PROMPT:
Reproduce the records below in full and exactly, without their images.

BEGIN DATA FOR PROCESSING

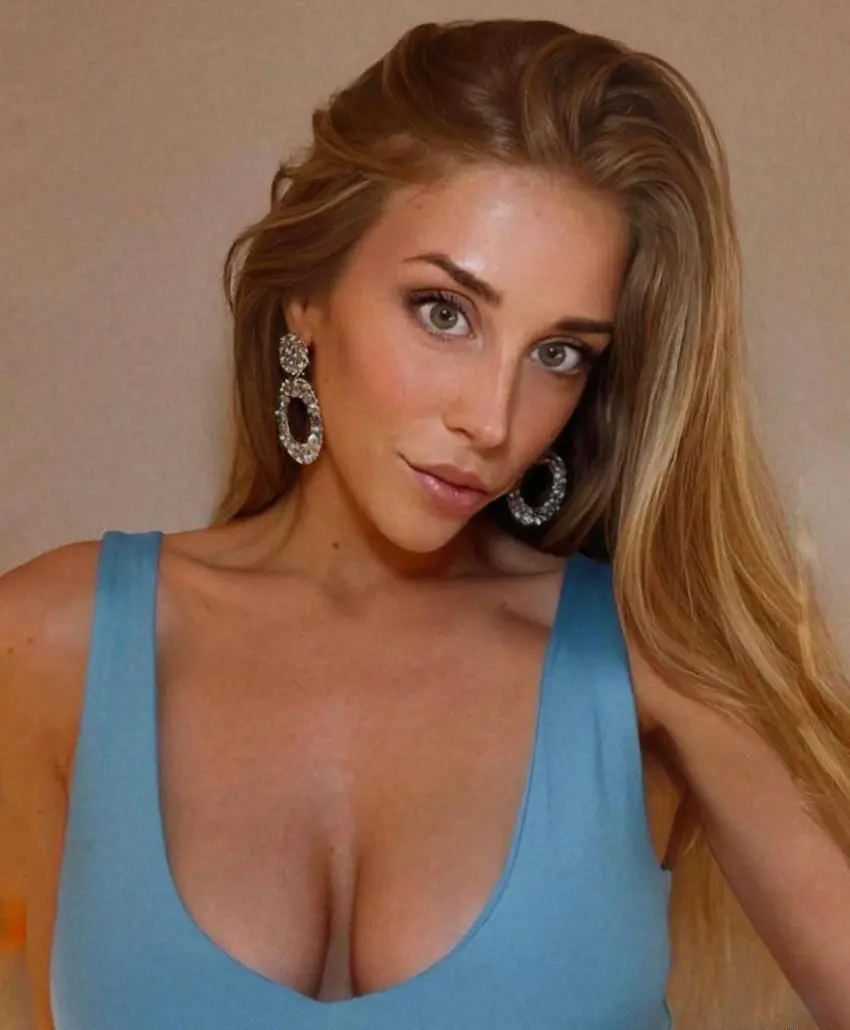 Profil de Laura à Saint-Malo (35400)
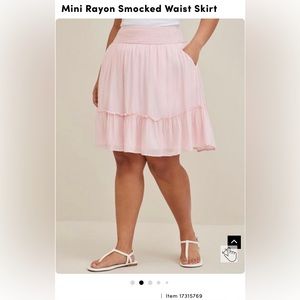 Torrid Mini Rayon Smocked Waist Skirt size 1 NWT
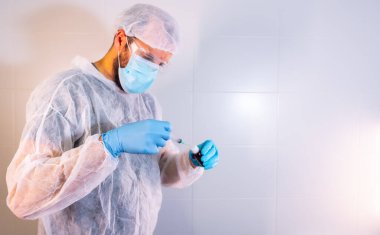 Doktor yeni onaylanmış koronavirüs aşısını hazırlıyor. Antikorlar, halkı bağışık hale getiriyor. yan etkileri, risk insanları, antikorlar, covid-19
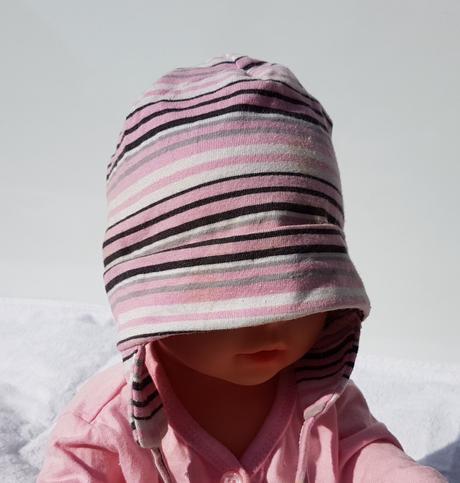 A70 dívčí čepička proužky vel. 56-62, ergee,56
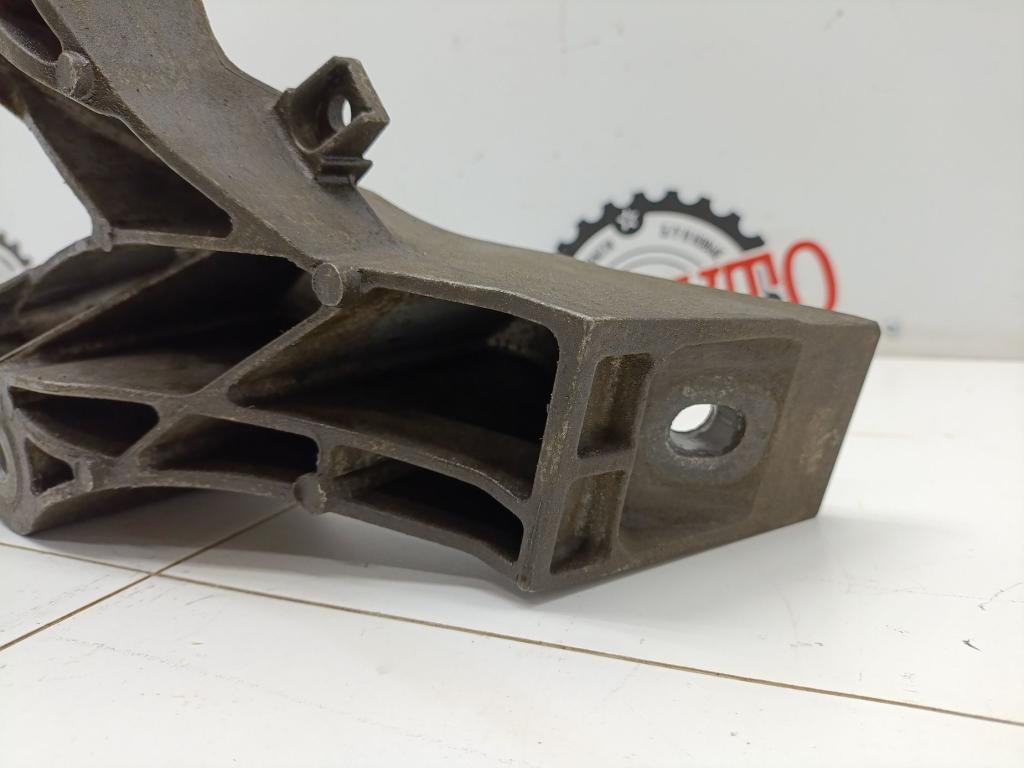 Кронштейн двигателя левый, 5000 рублей, Пермь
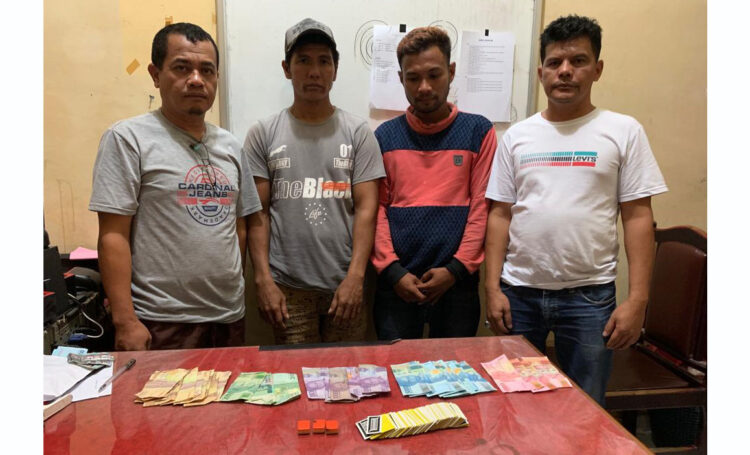 4 Pemain Judi Koa Digulung Polisi, Polisi Sita Uang Jutaan Rupiah di Padangpariaman 1 PEJUDI DITANGKAP— Empat pelaku judi ditangkap jajaran Satreskrim Polres Padangpariaman.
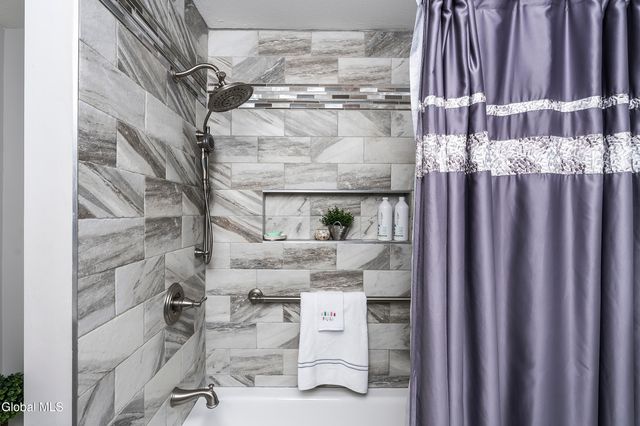 3016 Williamsburg Drive, Guilderland, NY 12303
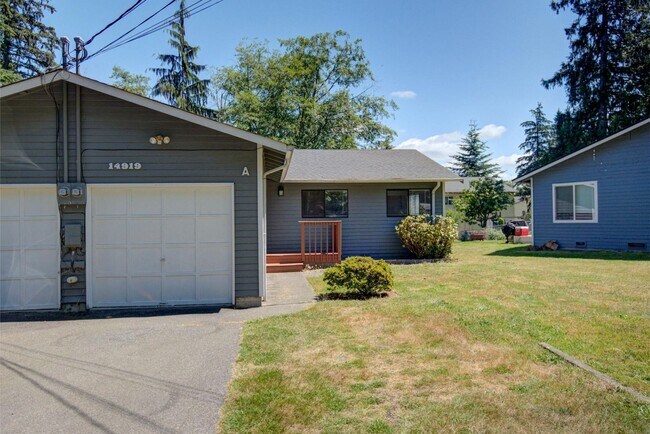 Building Photo - For Lease Edmonds - 900 Sq. Ft Two o One/B...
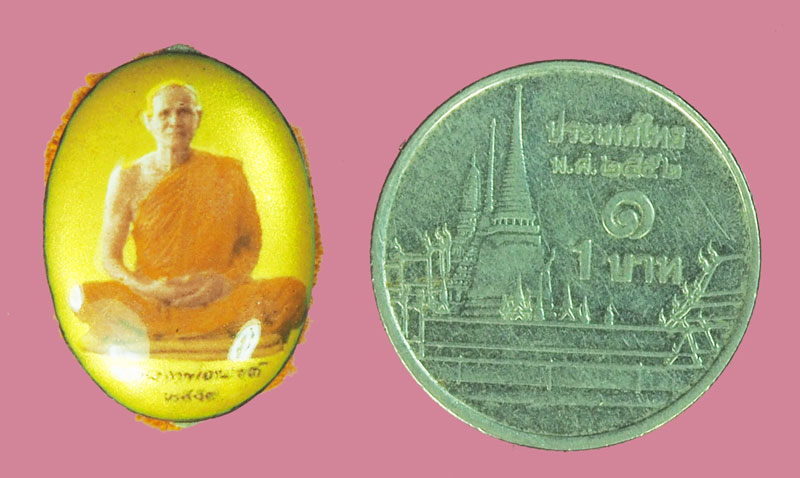 *38629 ล็อกเก็ตฉากทอง หลวงพ่อนงค์ วัดสว่างวงษ์ นครสวรรค์ 40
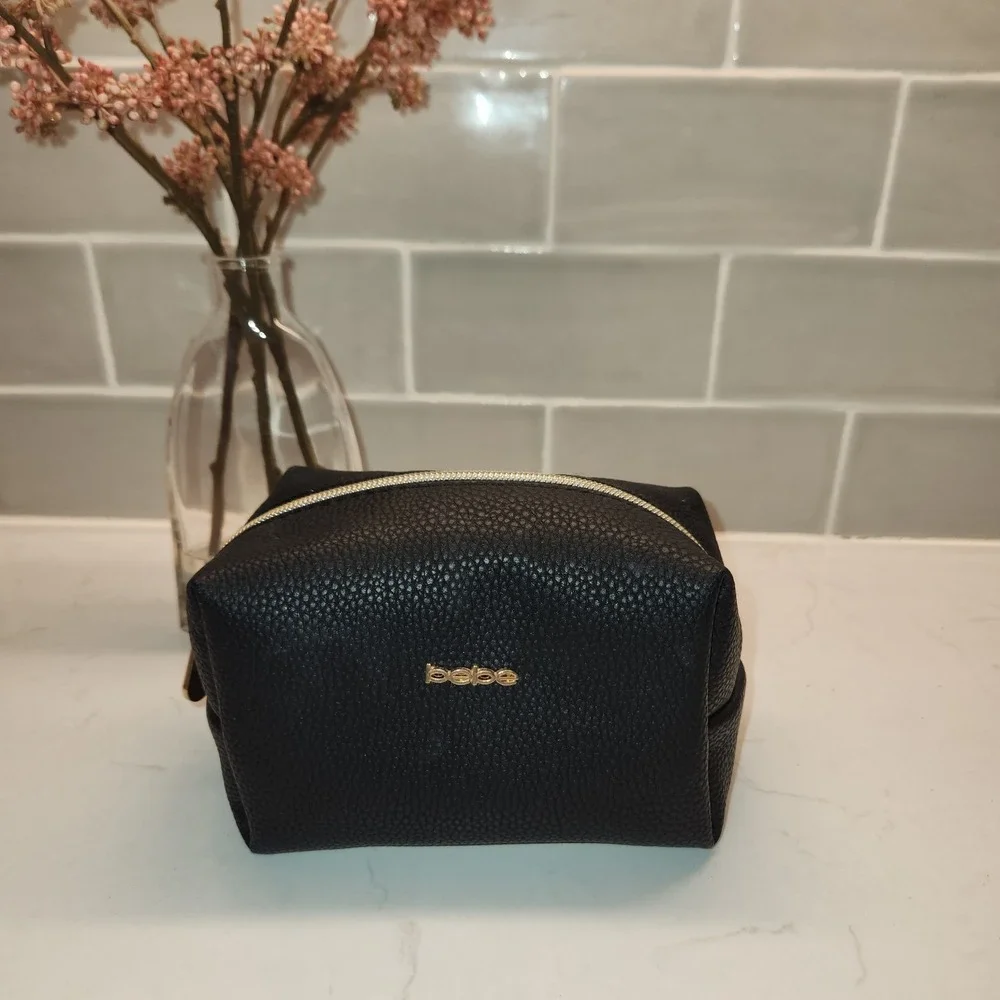 bebe  LOGO BLK TRAVEL COSMETIC BAG~TOILETRIES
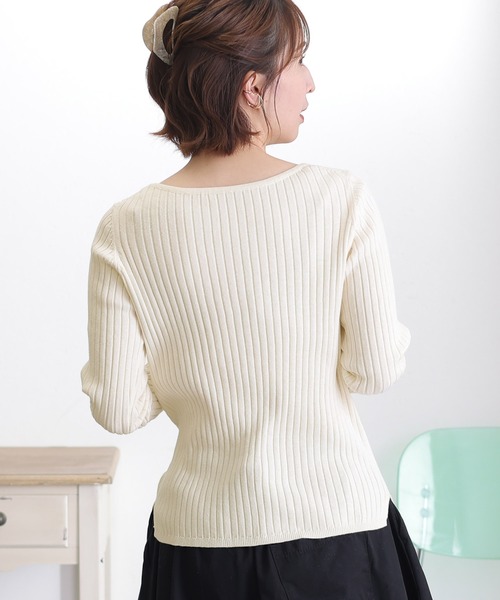 ElegChic(エレグシック)の「リブニットボートネックセーター(ニット/セーター・レディース・ブラック/グレイッシュベージュ/バーガンディー/オフホワイト/ダークグリーン/杢グレー・M/4L/XL)」の22枚目の写真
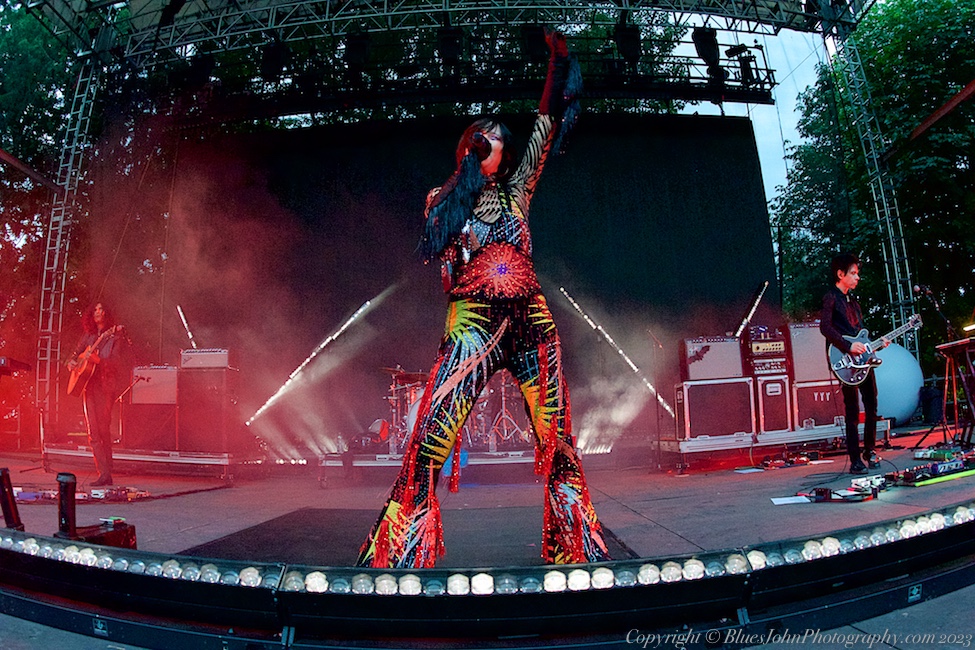 Yeah Yeah Yeahs, Edgefield Amphitheater, photo by John Alcala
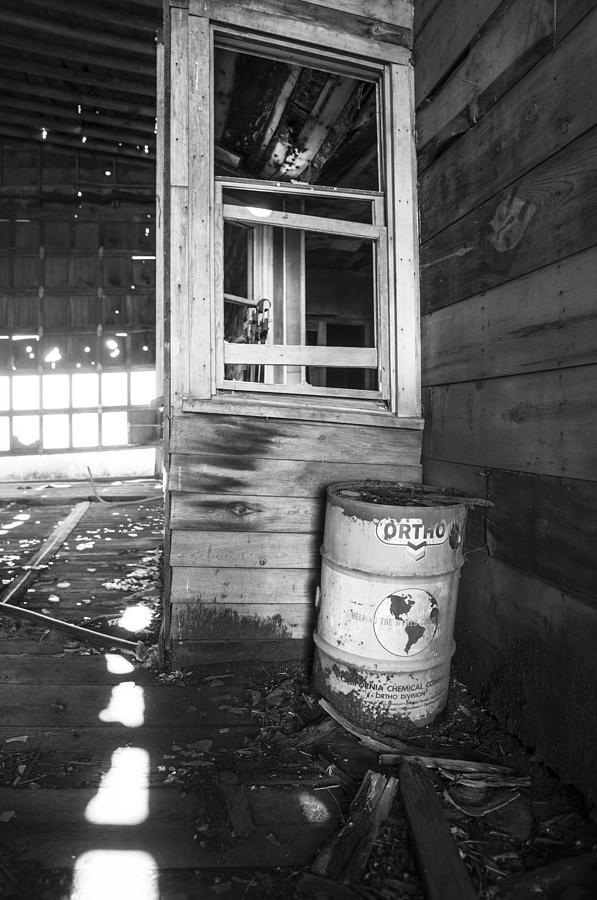 https://images.fineartamerica.com/images/artworkimages/mediumlarge/1/1-vintage-grain-elevator-interior-donald-erickson.jpg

END DATA FOR PROCESSING

OUTPUT OF THE EXERCISE:
 Profil de Laura à Saint-Malo (35400)
 Torrid Mini Rayon Smocked Waist Skirt size 1 NWT
 Doktor yeni onaylanmış koronavirüs aşısını hazırlıyor. Antikorlar, halkı bağışık hale getiriyor. yan etkileri, risk insanları, antikorlar, covid-19
 A70 dívčí čepička proužky vel. 56-62, ergee,56
 Кронштейн двигателя левый, 5000 рублей, Пермь
 4 Pemain Judi Koa Digulung Polisi, Polisi Sita Uang Jutaan Rupiah di Padangpariaman 1 PEJUDI DITANGKAP— Empat pelaku judi ditangkap jajaran Satreskrim Polres Padangpariaman.
 3016 Williamsburg Drive, Guilderland, NY 12303
 Building Photo - For Lease Edmonds - 900 Sq. Ft Two o One/B...
 *38629 ล็อกเก็ตฉากทอง หลวงพ่อนงค์ วัดสว่างวงษ์ นครสวรรค์ 40
 bebe  LOGO BLK TRAVEL COSMETIC BAG~TOILETRIES
 ElegChic(エレグシック)の「リブニットボートネックセーター(ニット/セーター・レディース・ブラック/グレイッシュベージュ/バーガンディー/オフホワイト/ダークグリーン/杢グレー・M/4L/XL)」の22枚目の写真
 Yeah Yeah Yeahs, Edgefield Amphitheater, photo by John Alcala
 https://images.fineartamerica.com/images/artworkimages/mediumlarge/1/1-vintage-grain-elevator-interior-donald-erickson.jpg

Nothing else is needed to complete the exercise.